> _Directions for this task_: Your task is to write out the entire listing exactly, omitting its pictures.

> _Given material_:
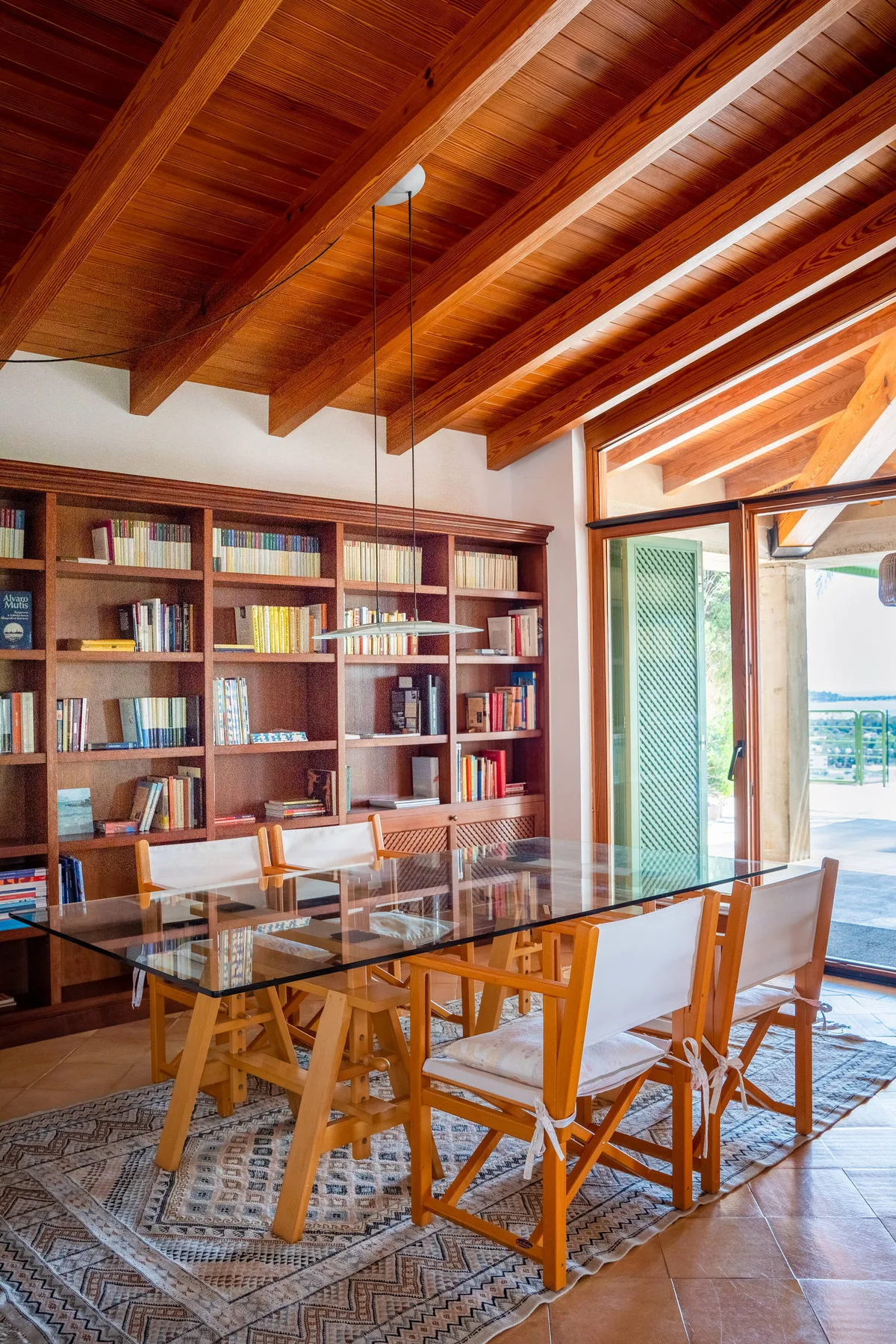 Comedor con una mesa de madera y sillas frente a estanterías empotradas.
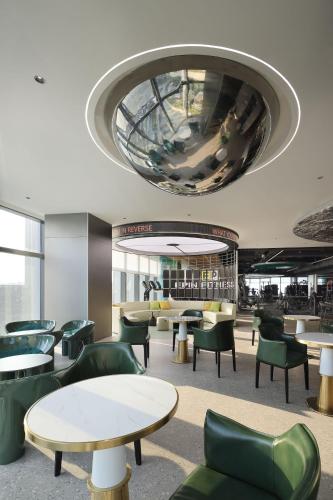 a waiting room with tables and green chairs at Grand Mercure Shenzhen Guangming in Shenzhen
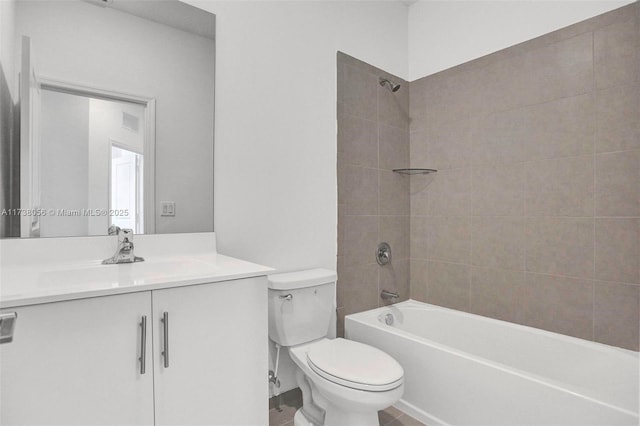 full bathroom with vanity, tiled shower / bath combo, and toilet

> _Output for this exercise_:
 Comedor con una mesa de madera y sillas frente a estanterías empotradas.
 a waiting room with tables and green chairs at Grand Mercure Shenzhen Guangming in Shenzhen
 full bathroom with vanity, tiled shower / bath combo, and toilet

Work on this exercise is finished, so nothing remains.